Newcomers to online marketing are almost spoiled for choice. A dizzying number of potential advertising channels open up the moment you decide to start building a web presence. The good news: all those options grant flexibility and allow you to test multiple platforms. The bad news: it’s also possible to wind up hemorrhaging money with little to show for it if you invest too much in ill-fitting media.
Determining your ad budget is a crucial first step to any successful campaign. Many businesses allot funds early on, then try to distribute them later. I’m not going to call this a poor first step, but it’s a risky one to take without some idea of cost. Different channels come with different price tags, and it’s vital to have some understanding of what they are.
- What it is: Utilizing social media platforms (Twitter, Facebook, Instagram etc.) to build a brand presence and attract customers.
- What it costs: A social media campaign can cost as little or as much as you’d like it to. It’s certainly possible to set up free accounts with a few different services, then act as manager yourself, but that’s just the tip of the iceberg. To actually figure out how much you’ll be paying, carefully lay out what platforms you’ll be utilizing, if you’ll be paying someone to post content, and if you’ll need to budget for any related expenses, e.g. setting aside stock as a prize for a Twitter contest.
- Who can benefit: Anyone. Given how relatively budget-friendly social media is, it’s basically assumed that even the smallest startup will have at least a few active feeds. Choosing which channels to use is up to you. LinkedIn, Facebook, and Twitter are all givens, but more visual brands might want to head for Instagram and Pinterest. Google+ hangouts and up-and-comers like Meerkat or Periscope are awesome if you’d like to speak directly to viewers.
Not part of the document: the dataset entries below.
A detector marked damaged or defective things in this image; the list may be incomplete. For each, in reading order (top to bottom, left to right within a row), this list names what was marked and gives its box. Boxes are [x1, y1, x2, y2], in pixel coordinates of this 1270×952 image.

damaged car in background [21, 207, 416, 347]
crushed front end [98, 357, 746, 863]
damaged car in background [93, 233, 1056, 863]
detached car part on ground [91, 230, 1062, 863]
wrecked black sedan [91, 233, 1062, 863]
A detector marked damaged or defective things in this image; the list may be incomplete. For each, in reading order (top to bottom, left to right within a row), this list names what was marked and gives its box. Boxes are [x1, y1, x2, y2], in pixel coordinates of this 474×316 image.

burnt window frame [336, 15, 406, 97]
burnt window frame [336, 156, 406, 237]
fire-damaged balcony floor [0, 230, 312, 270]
- Case Study: A major Twitter offensive helped San Francisco’s Creme Brulee Cart pile up an impressive 12,000 followers in just one year. Tweeting location and special flavors allowed the food cart owners to quickly engage with followers, both encouraging them to have crème brulee on the brain, and telling them where to find it. The kicker? Not a cent was spent on advertising.
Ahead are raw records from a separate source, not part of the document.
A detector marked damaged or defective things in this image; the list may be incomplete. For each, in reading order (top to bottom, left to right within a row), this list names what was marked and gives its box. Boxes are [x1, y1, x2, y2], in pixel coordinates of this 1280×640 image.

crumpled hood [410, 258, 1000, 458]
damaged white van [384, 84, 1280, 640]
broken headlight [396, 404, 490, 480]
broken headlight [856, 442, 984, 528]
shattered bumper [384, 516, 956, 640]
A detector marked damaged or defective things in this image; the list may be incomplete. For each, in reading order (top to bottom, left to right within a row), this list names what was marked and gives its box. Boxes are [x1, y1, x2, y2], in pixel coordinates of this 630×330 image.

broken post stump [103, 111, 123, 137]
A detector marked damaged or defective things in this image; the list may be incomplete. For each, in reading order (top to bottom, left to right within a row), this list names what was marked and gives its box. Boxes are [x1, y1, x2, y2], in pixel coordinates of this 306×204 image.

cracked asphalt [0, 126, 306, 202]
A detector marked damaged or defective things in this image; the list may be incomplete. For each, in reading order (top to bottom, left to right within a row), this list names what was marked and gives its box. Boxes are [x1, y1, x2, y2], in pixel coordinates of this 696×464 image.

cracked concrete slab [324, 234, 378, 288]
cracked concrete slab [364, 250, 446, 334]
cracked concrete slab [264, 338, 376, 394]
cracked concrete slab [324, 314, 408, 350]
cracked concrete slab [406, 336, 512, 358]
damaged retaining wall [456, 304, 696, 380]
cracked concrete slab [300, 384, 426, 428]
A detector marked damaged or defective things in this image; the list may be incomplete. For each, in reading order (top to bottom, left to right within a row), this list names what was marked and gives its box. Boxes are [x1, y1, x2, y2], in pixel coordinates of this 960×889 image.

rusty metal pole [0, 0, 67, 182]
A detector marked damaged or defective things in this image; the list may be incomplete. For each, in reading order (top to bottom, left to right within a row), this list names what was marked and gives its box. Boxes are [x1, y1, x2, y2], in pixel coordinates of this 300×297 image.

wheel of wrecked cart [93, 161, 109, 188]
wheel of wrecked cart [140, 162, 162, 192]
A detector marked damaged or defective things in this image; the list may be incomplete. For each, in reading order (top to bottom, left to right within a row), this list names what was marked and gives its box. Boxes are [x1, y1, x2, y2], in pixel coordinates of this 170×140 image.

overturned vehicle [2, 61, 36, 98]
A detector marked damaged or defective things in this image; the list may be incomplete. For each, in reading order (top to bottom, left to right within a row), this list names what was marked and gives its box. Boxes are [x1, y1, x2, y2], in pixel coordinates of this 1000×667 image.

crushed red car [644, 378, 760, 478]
- What it is: The go-to option for budget online marketing. The reason? Click-through rates have plunged for many ad styles; Pay-per-click addresses that problem by requiring companies to pay for only, well, actual clicks. Largely synonymous with big players like Facebook and Google advertising for most.
- What it costs: Again, it’s variable, but keep this in mind: an expensive PPC campaign is, by definition, a successful one. Budgets can run from as little as $10/month to six-digit figures.
- Who can benefit: Companies with a highly searchable product might want to consider using buying a particular keyword. For example, let’s say you exist in a niche market, and don’t have too many large competitors, but your content still has trouble ranking on Google. A well-chosen bid could provide solid ROI. Just about any company can take advantage of on-site PPC advertising, which can quickly scale in terms of time and capital investment. Thankfully, pricing them beforehand is possible. PPC engines generally allow you to set stringent price limits before launching your ad.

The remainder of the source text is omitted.